Looks like he is free to terminate and re-sign as of now...although with their *probably* high $$$ offer to keep him, seemingly new interest in building a team around him, etc. I wonder if leaving is still so attractive to him?


----------



## mohair_chair (Oct 3, 2002)

Maybe he'll join Radio Shack. They are still hiring.


----------



## FondriestFan (May 19, 2005)

mohair_chair said:


> Maybe he'll join Radio Shack. They are still hiring.


Yeah, but the only position at which they're hiring is Lance's waterboy and Contador is a bit overqualified.


----------



## mohair_chair (Oct 3, 2002)

FondriestFan said:


> Yeah, but the only position at which they're hiring is Lance's waterboy and Contador is a bit overqualified.


The boot licker position is still open. It's hard to fill these days.


----------



## JSR (Feb 27, 2006)

Wow, thta is big news indeed! I saw the UCI announcement this morning and sort of yawned - another month of wrangling. If that rider contract clause is accurate, and if it is true that Astana's submittal is deficient in some material way, the fun will begin immediately.

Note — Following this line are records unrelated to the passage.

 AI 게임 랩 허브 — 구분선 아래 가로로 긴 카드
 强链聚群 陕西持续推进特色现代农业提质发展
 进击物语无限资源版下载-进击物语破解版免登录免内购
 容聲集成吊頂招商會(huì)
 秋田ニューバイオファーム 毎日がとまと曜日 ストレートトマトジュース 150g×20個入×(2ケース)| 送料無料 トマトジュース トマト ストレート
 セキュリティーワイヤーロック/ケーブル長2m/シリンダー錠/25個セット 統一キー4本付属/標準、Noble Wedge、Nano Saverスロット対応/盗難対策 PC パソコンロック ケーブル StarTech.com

I'm sticking to my prediction that Contador goes to Garmin, Wiggins goes to Sky, VdV goes to the Shack, and Astana is left "searching for stage wins" as they say.

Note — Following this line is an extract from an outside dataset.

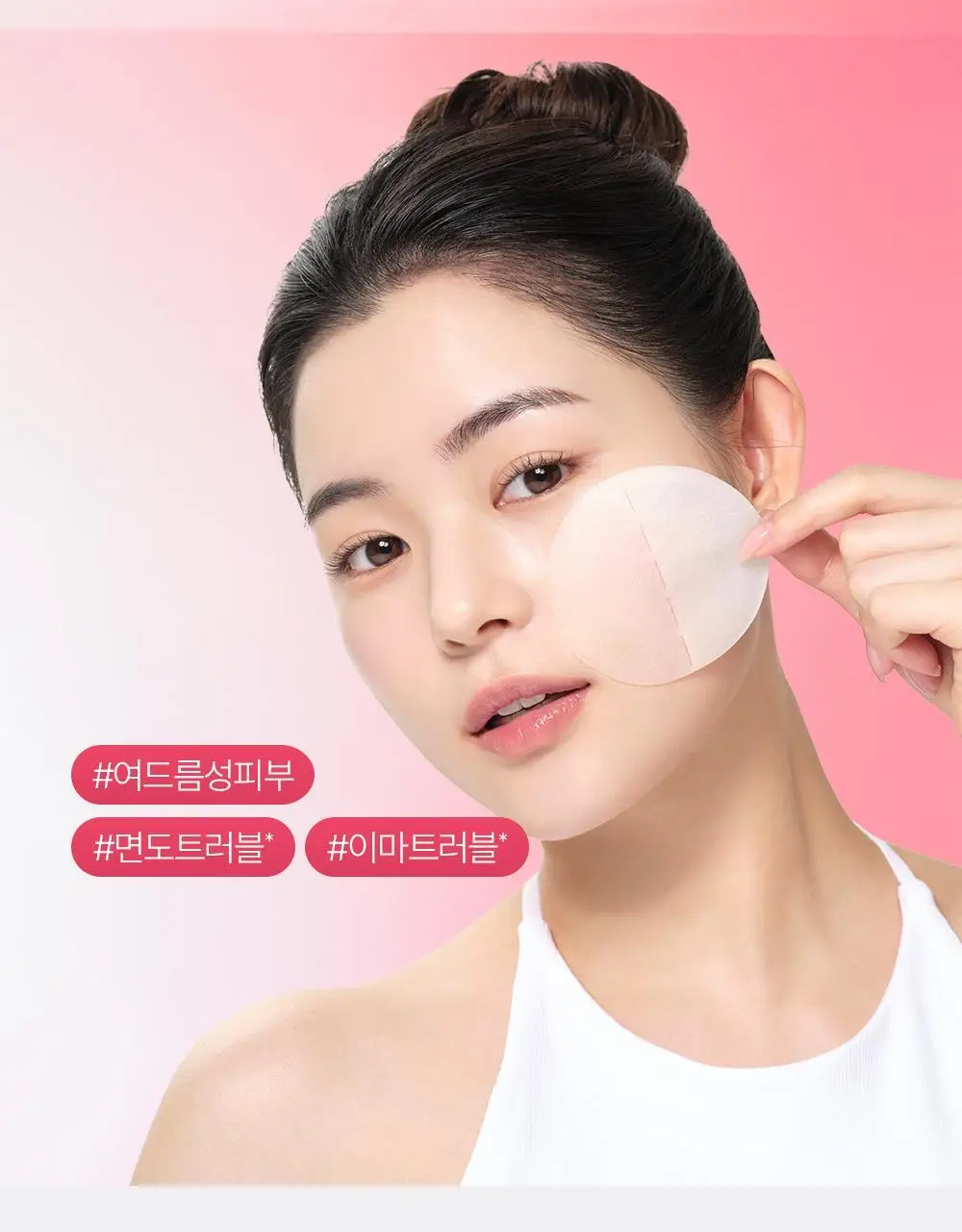 [여드름기능성] 파티온 노스카나인 트러블 패드 60매 상세페이지 4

And then there are QukcStep and Caisse d'Epargne, who are said to be standing by with open wallets.

"Very interesting, " says Col. Klink. 


JSR


----------



## cycleboyco (Oct 6, 2007)

*So where does he go?*

I'm guessing this has been discussed ad nauseum in another thread, but the fact that it looks like he has a legitimate out makes this discussion more interesting.

I keep seeing Garmin pop-up as a strong possibility. What makes that seem possible from a financial perspective is that, from what I read in CycleSport, Team Sky is loaded financially and could pay a handsome contract buyout for Wiggins, which Garmin could use to pay Contador, I'm both a Garmin and Contador fan, but Garmin has always seemed to be a great "team" versus a team built for one objective/person, which is what it seems like Contador would prefer. Course, I'm sure Garmin/Vaughters would also like the to win a Grand Tour.

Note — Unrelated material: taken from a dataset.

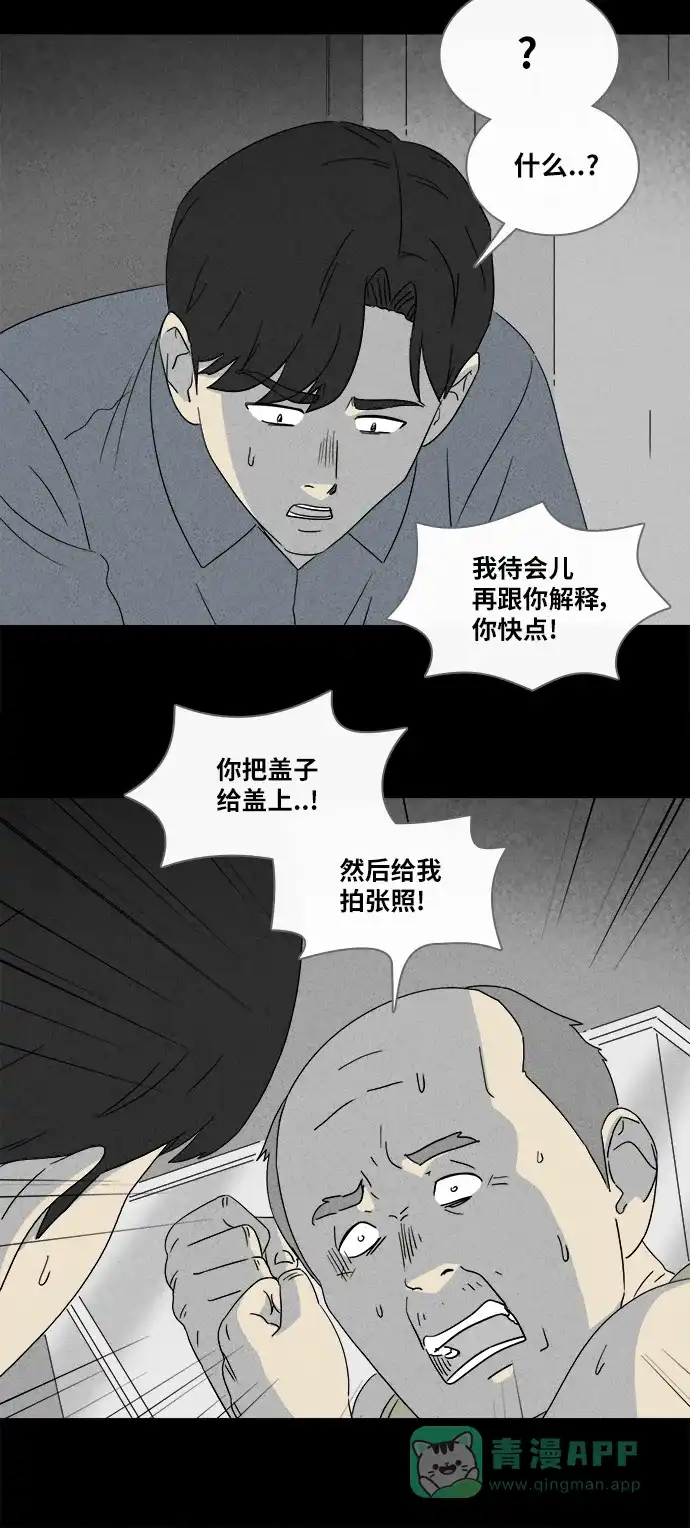 奇奇怪怪 [第357话] 箱子#1 第15页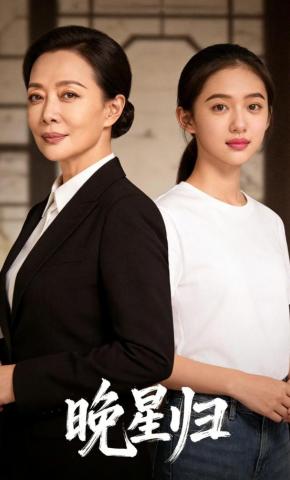 短剧《晚星归》海报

Caisse d'Espargne seems like a better fit, but I'm not sure if their similar situation to Astana as far as not meeting the document deadline hurts their chances . I also don't know if they want to see how the Valverde thing plays out, though Contador would be about as good as an insurance policy as you could get.

I saw Quick Step mentioned as well in the VeloNews article, but that seems strange given their seemingly prior lack of GC/Grand Tour intentions, though maybe that's why they would want Contador, especially if Boonen can't get his act back together.


----------



## EMB145 Driver (Aug 17, 2006)

FondriestFan said:


> Yeah, but the only position at which they're hiring is Lance's waterboy and Contador is a bit overqualified.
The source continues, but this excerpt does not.